> **Exercise description**
Every line of the listing below from the one with "Photo 4 of 1767 27TH" up to and including the one with "230 Vista Court, Unit" should be retyped exactly, and nothing else; pictures are not part of the copy.

> **Supplied records**
=== Begin Enclosure ===

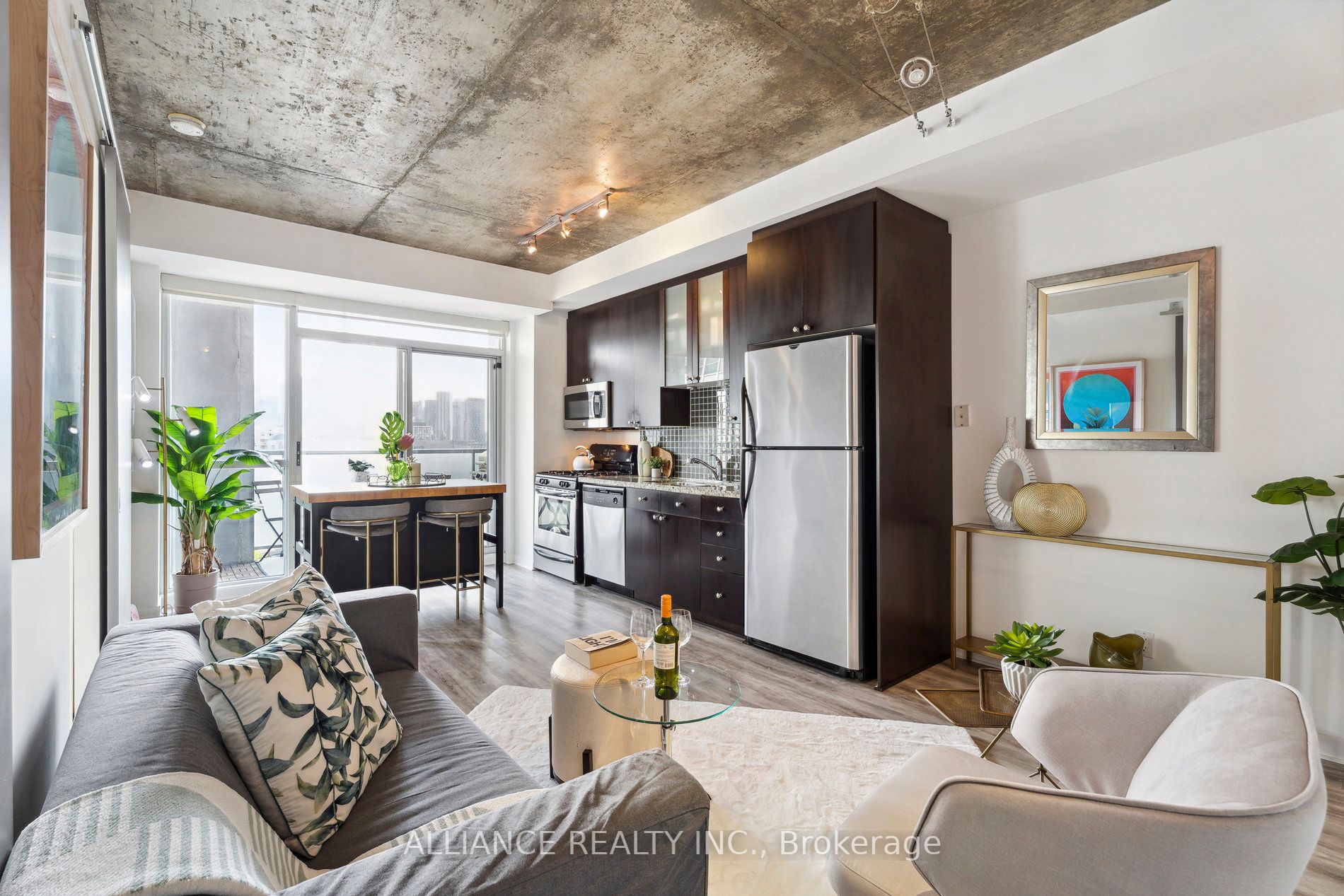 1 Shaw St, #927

=== End Enclosure ===
=== Begin Enclosure ===

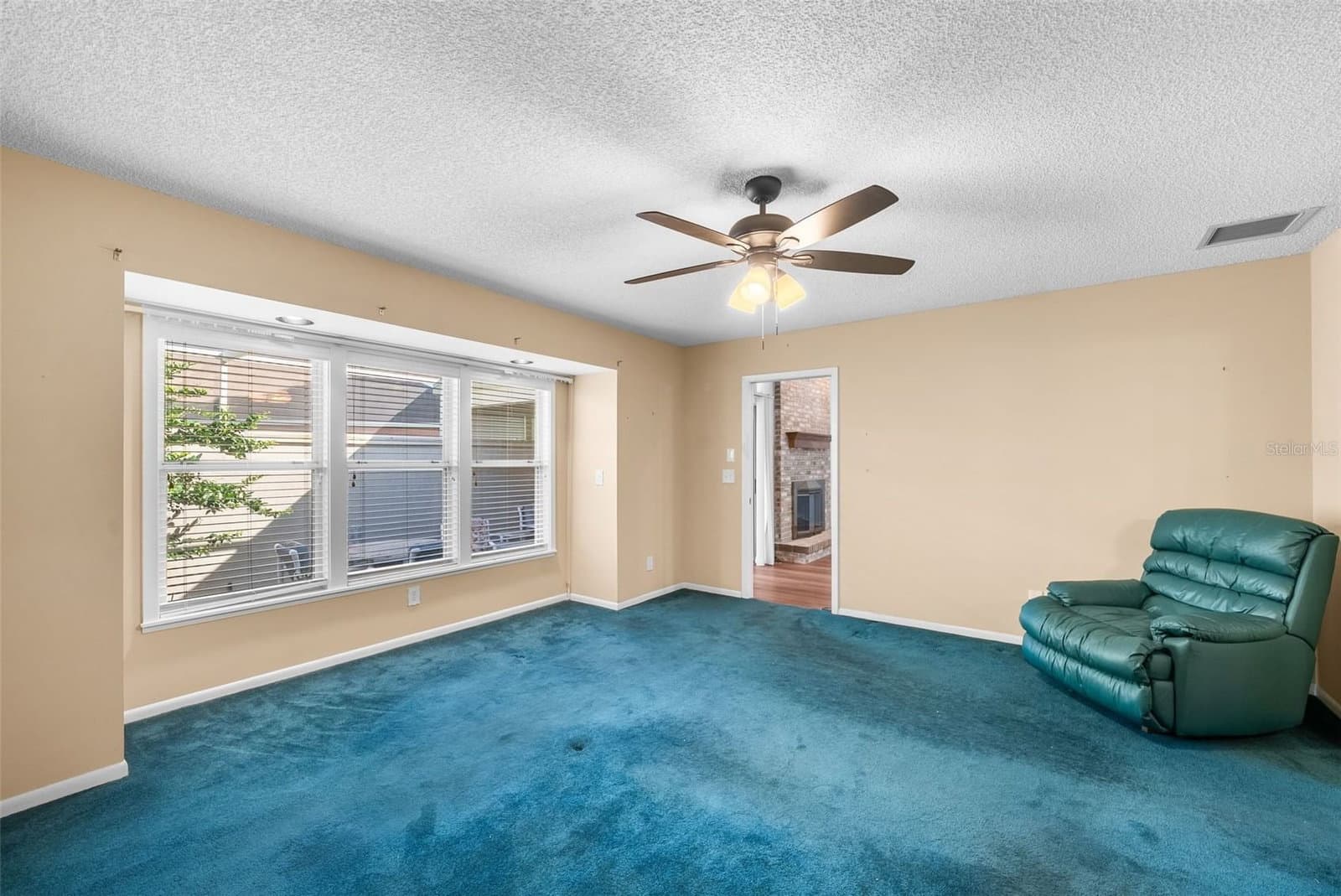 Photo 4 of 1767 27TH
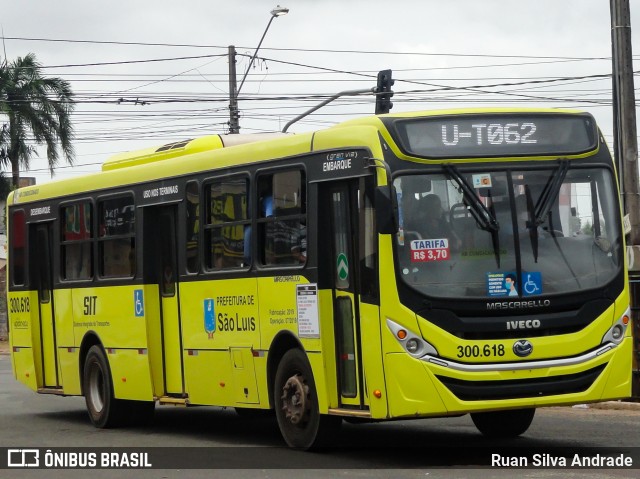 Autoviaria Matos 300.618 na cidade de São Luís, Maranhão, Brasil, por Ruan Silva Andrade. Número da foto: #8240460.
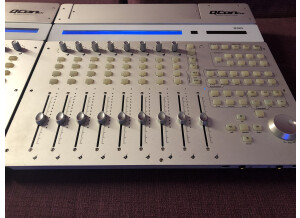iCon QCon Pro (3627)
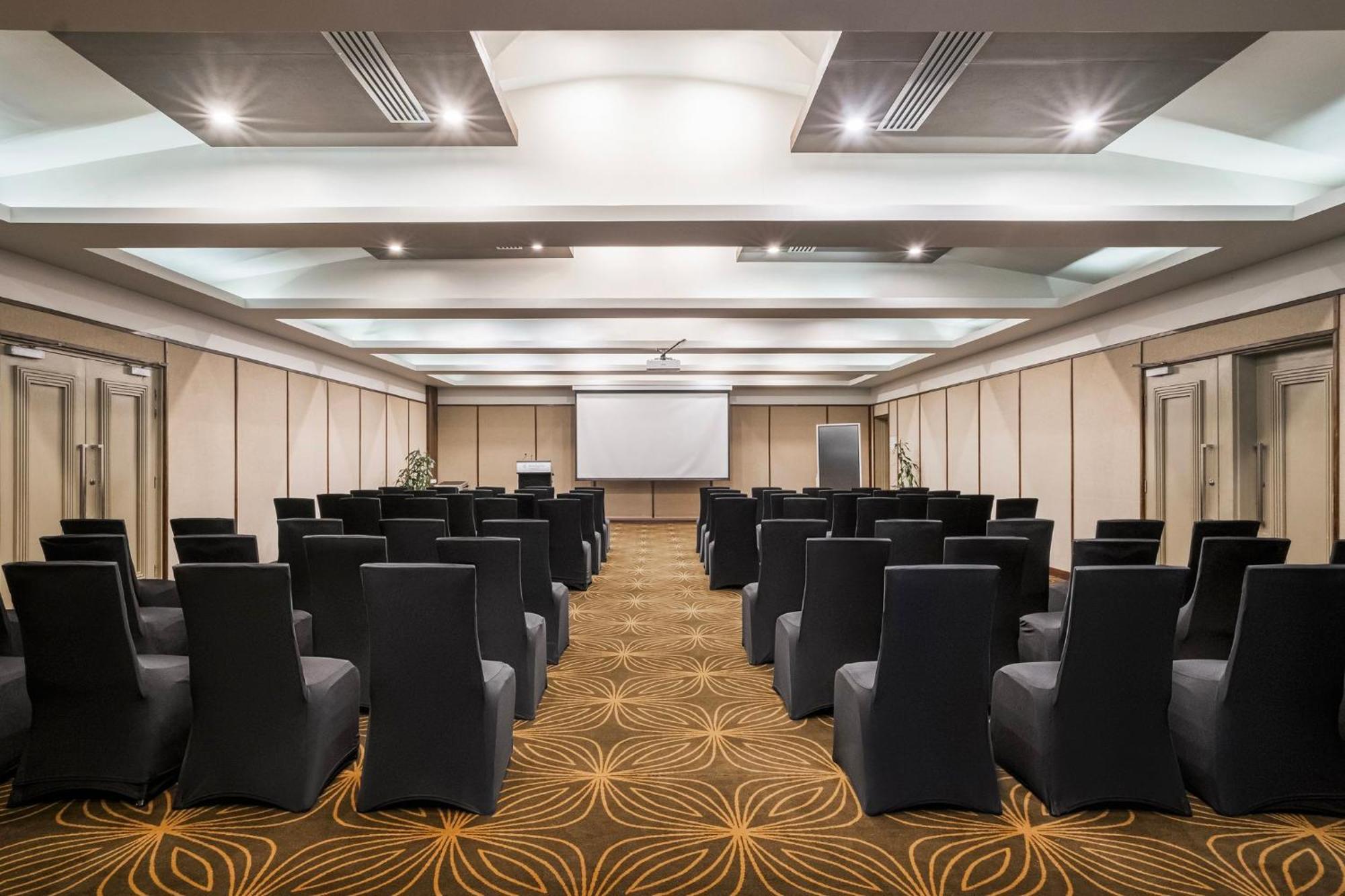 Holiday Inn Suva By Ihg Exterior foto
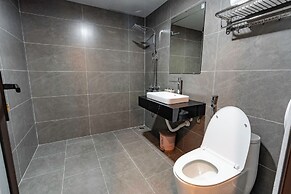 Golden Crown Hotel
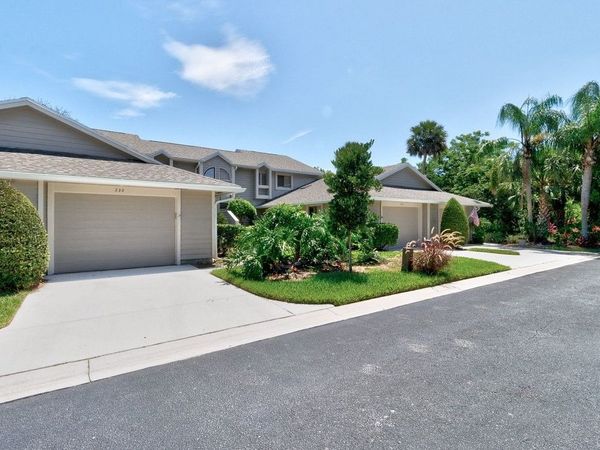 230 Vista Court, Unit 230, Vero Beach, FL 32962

=== End Enclosure ===

> **Answer area**
 Photo 4 of 1767 27TH
 Autoviaria Matos 300.618 na cidade de São Luís, Maranhão, Brasil, por Ruan Silva Andrade. Número da foto: #8240460.
iCon QCon Pro (3627)
 Holiday Inn Suva By Ihg Exterior foto
 Golden Crown Hotel
 230 Vista Court, Unit 230, Vero Beach, FL 32962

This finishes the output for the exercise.